Kepala Dinas Perikanan dan Pangan Kabupaten Banyuwangi Hary Cahyo Purnomo mengatakan, sampai saat ini, produksi gurami di Banyuwangi masih belum bisa memenuhi kebutuhan konsumsi gurami.
”Kebutuhan ikan gurami yang diolah menjadi kuliner mencapai 8 ton setiap bulannya. Adapun produksi gurami hanya mencapai sekitar 6 ton dengan penyumbang produksi terbanyak dari Kecamatan Srono. Saat ini kami bimbing warga untuk dapat memacu peningkatan produksi,” ujarnya di Banyuwangi, Rabu (18/4/2018).
Hary mengatakan, budidaya gurami memiliki peluang yang sangat besar. Sampai saat ini, peminat budidaya gurami cenderung lebih sedikit dibandingkan dengan jenis ikan lain, seperti lele. Selain itu, budidaya gurami juga memiliki keuntungan tersendiri karena mulai dari bibit, ukuran sedang, hingga ukuran besar tetap laku dijual.
Paham akan potensi tersebut, Dinas Perikanan dan Pangan Kabupaten Banyuwangi melakukan pendampingan kepada warga. Harapannya pendampingan tersebut dapat membantu meningkatkan produksi ikan gurami di Kecamatan Srono.

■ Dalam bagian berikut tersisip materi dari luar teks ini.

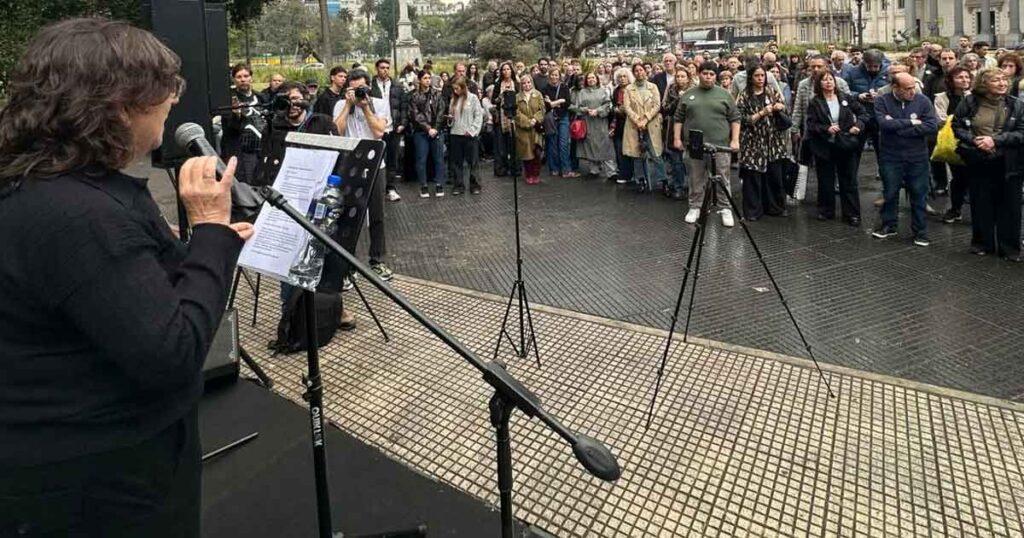 A 32 años del atentado a la AMIA, Memoria Activa renovó en Plaza Lavalle su histórico reclamo de verdad y justicia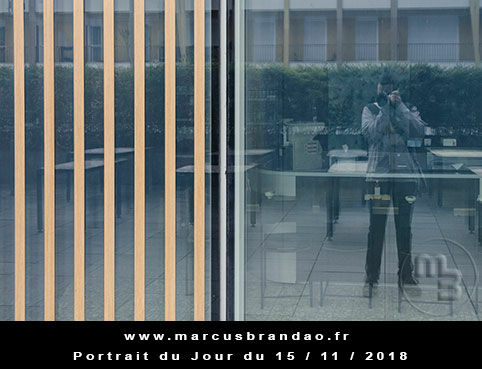 En 2018, Portrait du Jour sera consacré à l’autoportrait avec chaque semaine un thème différent. Portrait du jour 2018-11-15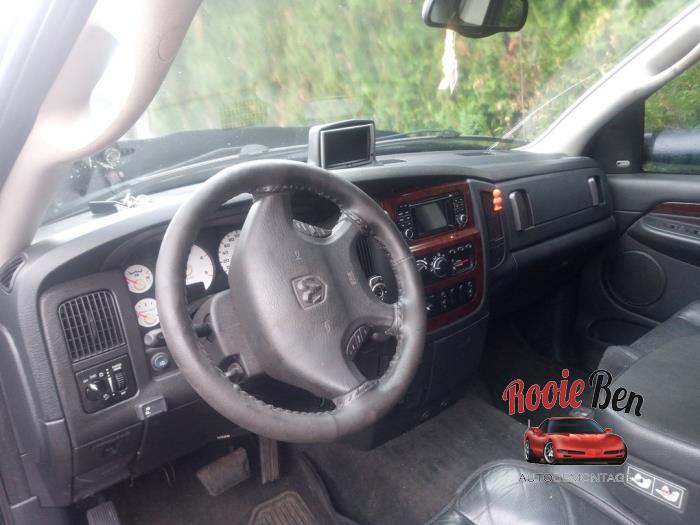 Dodge Ram 3500 Standard Cab 5.9 TDi V6 2500 4x4 Pick-up Vehículo de desguace (2003, Negro)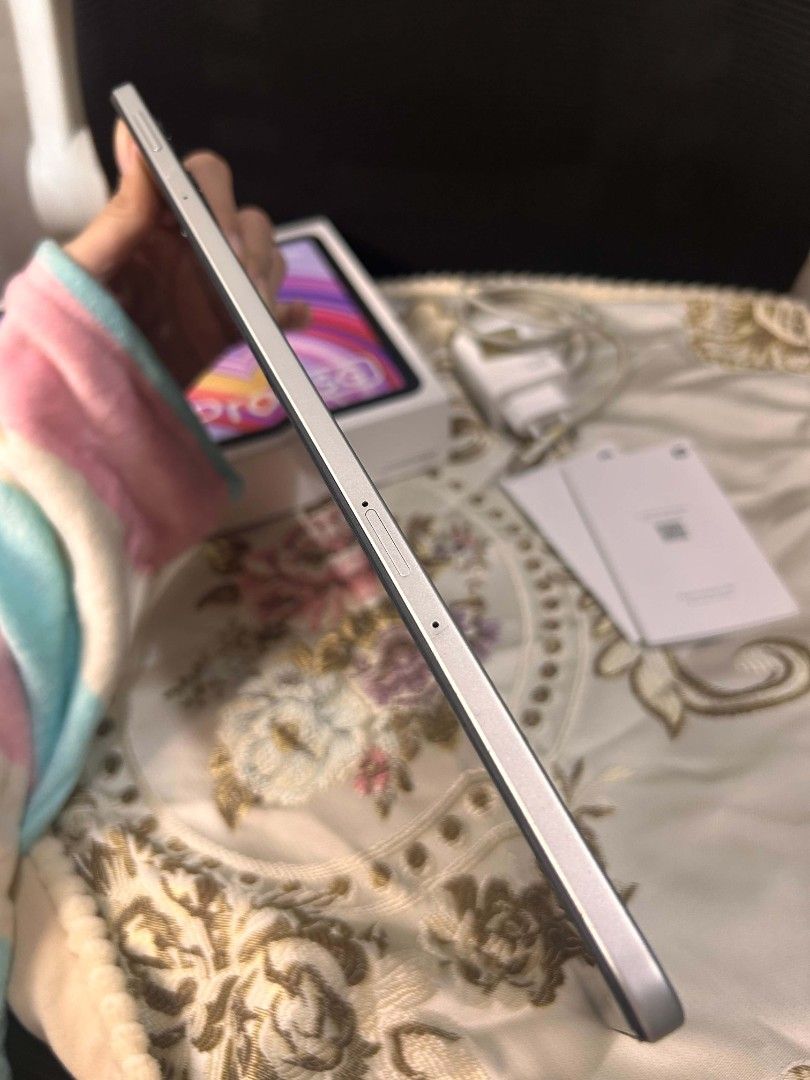 Redmi Pad Pro (5G) Tablet with Charger (Category: Android) located in Caloocan City. Submitted by myriosh (Listing ID 1461008946, Image 3). Description: - Redmi Pad Pro 5G - Color: Silver - Includes original box and charger - Ideal for entertainment and productivity - Feel free to ask questions!.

Salah satu bentuk pendampingan adalah dengan mendirikan kampung gurami di Desa Sukomaju, Kecamatan Srono. Dengan sentralisasi, pendampingan dapat dilakukan lebih intensif. Nantinya pengelolaan juga dapat dilakukan melalui BUMDes.
”Dengan dijadikan kampung gurami, desa ini akan memiliki pemasukan yang lebih besar. Apalagi letak desa ini sangat strategis karena merupakan jalur ke tempat-tempat wisata, seperti Pulau Merah, De Djawatan, ataupun ke Plengkung di Taman Nasional Alas Purwo,” tuturnya.
Sugiono (53), warga Desa Sukomaju, mengakui, sejak tahun 1990-an, warga di desanya banyak yang membudidayakan ikan gurami. ”Tahun 1990-an hampir setiap rumah memiliki petak-petak kolam ikan gurami. Namun, sekitar 2004, banyak yang gulung tikar karena tergiur keuntungan menanam cabai,” ujarnya.
Menurut Sugiono, kebangkrutan warga yang membudidayakan ikan gurami diakibatkan lemahnya menajemen keuangan dan alih profesi menjadi petani cabai. Akibatnya, sejumlah kolam ikan berubah menjadi kebun cabai.
Sugiono mengatakan, budidaya gurami membutuhkan waktu, mulai dari perawatan hingga panen. Setiap kolam seluas 200 meter persegi dapat digunakan untuk budidaya ikan gurami sekitar 3.000 ekor.
Selain Srono, ada dua daerah lain di Banyuwangi yang menjadi sentra mina bahari. Keduanya terdapat di Kecamatan Kabat untuk komoditas ikan lele dan Kecamatan Singojuruh untuk komoditas ikan koi.
Bupati Banyuwangi Abdullah Azwar Anas mendorong agar pembudidaya ikan gurami tidak hanya fokus pada budidaya, tetapi dikembangkan menjadi kuliner.
”Kalau diolah menjadi kuliner, keuntungannya akan berlipat. Budidaya ikan bisa dikombinasikan dengan olahan kuliner sehingga menjadi wisata tersendiri. Selain itu, tempatnya juga harus nyaman, bersih, makanan enak, dan menjadi tempat edukasi budidaya,” kata Anas.